5.8 - Partial R-squared

Suppose we have set up a general linear F-test. Then, we may be interested in seeing what percent of the variation in the response cannot be explained by the predictors in the reduced model (i.e., the model specified by $H_{0}$), but can be explained by the rest of the predictors in the full model. If we obtain a large percentage, then it is likely we would want to specify some or all of the remaining predictors to be in the final model since they explain so much variation.

The way we formally define this percentage is by what is called the partial $\textbf{R}^{2}$ (or it is also called the coefficient of partial determination).
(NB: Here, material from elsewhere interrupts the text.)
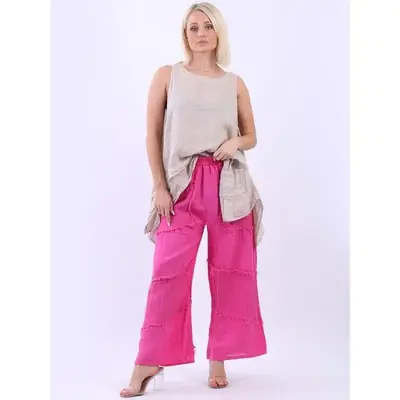 Solid Linen Wide Leg Ladies Hopsack Trouser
Specifically, suppose we have three predictors: $x_{1}$, $x_{2}$, and $x_{3}$. For the corresponding multiple regression model (with response y), we wish to know what percent of the variation not explained by $x_{1}$ is explained by $x_{2}$ and $x_{3}$. In other words, given $x_{1}$, what additional percent of the variation can be explained by $x_{2}$ and $x_{3}$? Note that here the full model will include all three predictors, while the reduced model will only include $x_{1}$.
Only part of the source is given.